Que llevan cinco o seis años sin verlo (…) que si viene al pueblo hay algunos esperándolo y le quemarán el carro, que si yo hablo con él por favor le diga que su papá y su mamá tienen muchas ganas de verlo.
Luis Alberto, el hermano pequeño, me acompaña de vuelta al pueblo por el sendero de tierra. Aquí tan cerca del ecuador, el sol cae en picado y la oscuridad nos lame los talones cuando llegamos al pueblo. Recorremos una calle flanqueada por ruinas y vacíos: es la zona más afectada por la grieta que se abrió en 2015.
—Aquí estaba la casa con la bomba de gasolina —dice Luis Alberto, señalando una ausencia—. Una noche vinieron los paramilitares y sacaron al propietario. Lo acusaban de colaborar con los guerrilleros, porque les servía gasolina.
Luego señala unas paredes en ruinas en el otro lado de la calle.
—Esa era nuestra casa. Nos despertamos de madrugada con el alboroto, oímos gritos, sentimos gente moviéndose fuera. Nos asomamos a la ventana y vimos a un montón de hombres armados con ropa de camuflaje y pasamontañas. Gritaban que no saliéramos de casa. Toda la noche anduvieron de un lado para otro. A las cinco de la mañana oímos unos gritos de puro terror, de mucha angustia, y luego gente llorando fuerte. Habían disparado al señor de la gasolina.

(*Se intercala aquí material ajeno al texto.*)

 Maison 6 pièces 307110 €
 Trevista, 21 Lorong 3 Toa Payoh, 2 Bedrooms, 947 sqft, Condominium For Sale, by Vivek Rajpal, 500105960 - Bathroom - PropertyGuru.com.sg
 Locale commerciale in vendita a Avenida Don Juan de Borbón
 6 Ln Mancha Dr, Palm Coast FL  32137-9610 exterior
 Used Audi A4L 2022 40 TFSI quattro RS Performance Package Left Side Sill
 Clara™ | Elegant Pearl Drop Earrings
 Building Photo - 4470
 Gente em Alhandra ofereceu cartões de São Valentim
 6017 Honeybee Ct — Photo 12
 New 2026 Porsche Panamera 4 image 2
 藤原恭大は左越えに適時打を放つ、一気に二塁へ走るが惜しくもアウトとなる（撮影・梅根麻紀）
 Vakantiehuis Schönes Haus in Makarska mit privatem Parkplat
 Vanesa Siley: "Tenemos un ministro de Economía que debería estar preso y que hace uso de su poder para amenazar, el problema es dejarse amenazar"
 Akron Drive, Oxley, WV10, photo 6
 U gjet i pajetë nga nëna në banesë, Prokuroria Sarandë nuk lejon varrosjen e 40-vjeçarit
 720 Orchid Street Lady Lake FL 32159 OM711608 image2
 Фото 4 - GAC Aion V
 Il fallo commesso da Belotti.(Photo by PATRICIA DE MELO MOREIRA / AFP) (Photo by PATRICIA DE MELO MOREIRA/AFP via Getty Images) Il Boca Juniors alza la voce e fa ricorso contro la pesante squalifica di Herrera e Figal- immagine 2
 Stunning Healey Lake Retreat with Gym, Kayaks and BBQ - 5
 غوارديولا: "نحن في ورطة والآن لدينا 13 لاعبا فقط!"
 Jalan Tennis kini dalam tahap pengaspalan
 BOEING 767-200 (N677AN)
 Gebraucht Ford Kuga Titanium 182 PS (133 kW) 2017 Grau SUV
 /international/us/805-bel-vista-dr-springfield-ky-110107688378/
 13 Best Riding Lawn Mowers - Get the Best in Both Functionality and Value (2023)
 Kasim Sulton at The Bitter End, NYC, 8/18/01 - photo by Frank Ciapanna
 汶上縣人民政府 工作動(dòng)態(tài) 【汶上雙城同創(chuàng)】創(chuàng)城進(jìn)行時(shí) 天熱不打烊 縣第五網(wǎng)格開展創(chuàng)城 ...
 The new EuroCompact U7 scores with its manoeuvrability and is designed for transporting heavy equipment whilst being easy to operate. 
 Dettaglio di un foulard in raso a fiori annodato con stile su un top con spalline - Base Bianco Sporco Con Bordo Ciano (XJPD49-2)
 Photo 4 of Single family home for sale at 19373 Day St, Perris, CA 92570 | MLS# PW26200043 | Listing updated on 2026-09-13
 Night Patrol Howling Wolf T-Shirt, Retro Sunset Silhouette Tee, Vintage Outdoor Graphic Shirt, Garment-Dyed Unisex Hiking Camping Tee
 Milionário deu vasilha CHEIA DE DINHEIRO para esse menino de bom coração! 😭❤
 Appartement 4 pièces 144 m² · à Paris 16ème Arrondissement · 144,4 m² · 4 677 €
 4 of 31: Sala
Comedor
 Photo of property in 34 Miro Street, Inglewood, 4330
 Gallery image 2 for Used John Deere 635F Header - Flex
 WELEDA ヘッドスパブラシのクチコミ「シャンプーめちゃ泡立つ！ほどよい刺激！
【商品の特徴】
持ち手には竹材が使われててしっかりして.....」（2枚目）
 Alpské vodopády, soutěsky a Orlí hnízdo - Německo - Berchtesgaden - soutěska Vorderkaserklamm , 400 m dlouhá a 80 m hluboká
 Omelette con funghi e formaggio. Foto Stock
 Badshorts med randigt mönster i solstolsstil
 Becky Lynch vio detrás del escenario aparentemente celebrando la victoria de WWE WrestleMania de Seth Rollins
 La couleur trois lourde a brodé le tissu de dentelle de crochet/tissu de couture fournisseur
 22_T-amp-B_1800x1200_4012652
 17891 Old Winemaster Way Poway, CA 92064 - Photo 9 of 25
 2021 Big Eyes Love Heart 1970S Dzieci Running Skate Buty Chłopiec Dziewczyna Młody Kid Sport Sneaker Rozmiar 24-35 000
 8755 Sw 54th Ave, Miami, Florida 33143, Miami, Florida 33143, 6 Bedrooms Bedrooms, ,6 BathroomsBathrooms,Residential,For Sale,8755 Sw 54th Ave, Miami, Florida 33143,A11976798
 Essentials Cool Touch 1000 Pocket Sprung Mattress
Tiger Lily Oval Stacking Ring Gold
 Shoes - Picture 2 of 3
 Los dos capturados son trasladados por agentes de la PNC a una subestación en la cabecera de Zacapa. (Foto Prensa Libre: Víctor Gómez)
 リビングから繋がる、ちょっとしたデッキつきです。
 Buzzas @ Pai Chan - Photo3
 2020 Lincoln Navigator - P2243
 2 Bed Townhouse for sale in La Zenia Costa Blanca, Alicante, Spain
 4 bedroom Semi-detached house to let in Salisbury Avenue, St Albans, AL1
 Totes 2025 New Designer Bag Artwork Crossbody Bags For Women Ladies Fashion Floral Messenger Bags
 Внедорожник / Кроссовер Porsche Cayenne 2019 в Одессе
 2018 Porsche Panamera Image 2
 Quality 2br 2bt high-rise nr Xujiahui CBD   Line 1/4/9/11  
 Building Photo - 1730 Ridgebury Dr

Llegamos a la iglesia, una sencilla nave blanca con una fachada que se va estrechando a lo alto hasta el campanario. La reconstruyeron tras los movimientos de tierras de 2015. Luis Alberto señala una losa exacta en el suelo, en la esquina de la fachada.
—Ahí le dispararon al señor y ahí lo dejaron. No permitieron que nadie se le acercara en tres horas. Se llamaba Segundo Armero.
Donde yo solo veo huecos oscuros entre paredes medio derruidas, Luis Alberto revive escenarios del horror. Yo no veo, pero él sí, la antigua casita a la que llegó arrastrándose un combatiente tras un tiroteo entre dos grupos paramilitares. El hombre entró hasta el patio, allí se derrumbó y murió desangrado. A los habitantes de la casa les daba pánico que los rivales de aquel hombre, fueran quienes fueran, pensaran que le habían dado refugio, así que salieron corriendo.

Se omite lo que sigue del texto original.